Even excluding the late-disclosed evidence, the record supports the juvenile court's findings. The arrest report, two witness statements, DNA evidence, statements from the passenger in the stolen vehicle, and the reports prepared for the certification proceedings all suggest prosecutive merit. The juvenile court conducted a full investigation, determined the charged offenses were supported by prosecutive merit, and noted its findings with sufficient specificity and evidentiary support. To the extent T.J. argues that the juvenile court's finding of prosecutive merit was conclusory. procedurally flawed, relied on improper late-disclosed evidence, and deprived him of due process and fairness, we disagree. The juvenile court did not err in finding prosecutive merit.1
T.J. also argues that the juvenile system lacks a habeas mechanism that would allow juveniles to challenge a probable cause determination. The lack of post-certification relief requires juveniles to ask for this court's review, resulting in more time spent in custody.
T.J.’s assertion rests on the incorrect premise that juvenile certification proceedings must mirror criminal preliminary hearings. We have established that due process in certification proceedings does not require juvenile courts to conduct adversarial hearings like those in adult preliminary examinations, juveniles are not entitled to two preliminary hearings, and the certification hearing is not a substitute for a preliminary hearing. Id. at 418-19, 684 P.2d at 1123-24. Moreover, certified juveniles may seek to be transferred back to juvenile court under NRS 62B.390(3)(b) and may seek recourse through appeal. Thus, T.J.’s proposed habeas mechanism is unwarranted.
The juvenile court properly certified T.J. to adult status based on the nature and seriousness of the offenses charged and the persistency and seriousness of his prior adjudicated offenses
The juvenile court has broad discretion in certification decisions. In re William S., 122 Nev. at 441-42, 132 P.3d at 1021. A certification decision will not be disturbed absent an abuse of discretion. See In re Eric A.L., 123 Nev. 26, 33, 153 P.3d 32, 36 (2007). “An abuse of discretion occurs if the juvenile court's decision is arbitrary or capricious or if it exceeds the bounds of law or reason.’’ Id. at 33, 153 P.3d at 36-37 (citation modified) (quoting Jackson v. State, 117 Nev. 116, 120, 17 P.3d 998, 1000 (2001)).

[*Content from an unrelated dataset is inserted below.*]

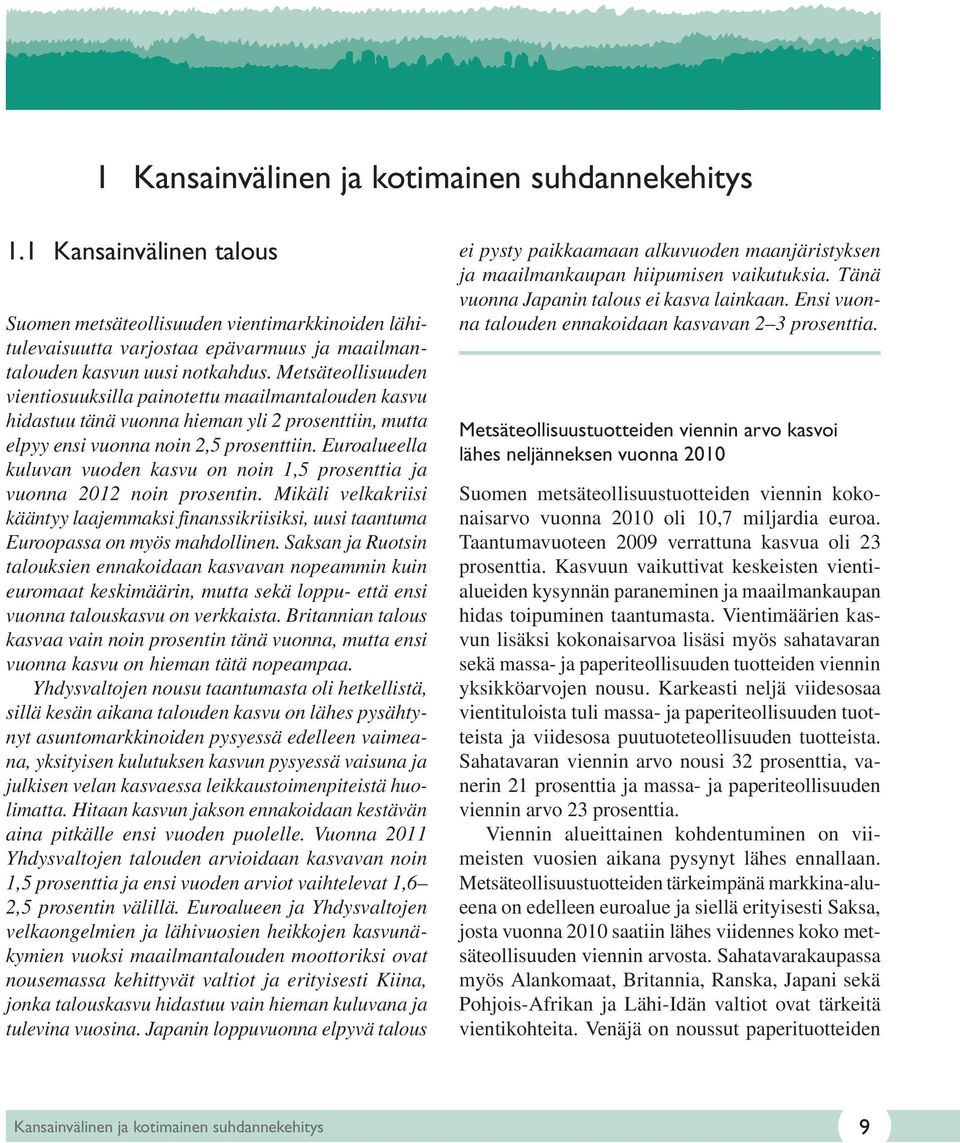 Euroalueella kuluvan vuoden kasvu on noin 1,5 prosenttia ja vuonna 2012 noin prosentin. Mikäli velkakriisi kääntyy laajemmaksi finanssikriisiksi, uusi taantuma Euroopassa on myös mahdollinen.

After a juvenile court finds a case has prosecutive merit, it must decide whether to certify the juvenile by following the decisional matrix established in Seven Minors, which lays out three categories to consider. 99 Nev. at 434, 664 P.2d at 952. The three categories are: (1) the nature and seriousness of the charged offenses; (2) the persistency and seriousness of past criminal offenses; and (3) subjective factors, such as age, maturity, character, personality, and family relationships. Id. at 434-35, 664 P.2d at 952. Of the three categories, the first two are given the “primary and most weighty consideration.” Id. at 435, 664 P.2d at 952. The decision to certify may rest on either or both of those factors. Id.
Regarding the third category, this court instructed that in close cases, when examination of the first two categories does not compel certification, the juvenile court may consider the subjective factors. Id. In such cases, the juvenile court may retain jurisdiction when the subjective factors “require a finding that the public interest and safety are best served by retaining the youth in the juvenile system.” In re Eric A.L., 123 Nev. at 33, 153 P.3d at 36. The decision to transfer jurisdiction, however, “must never rest on the third factor alone.” Id.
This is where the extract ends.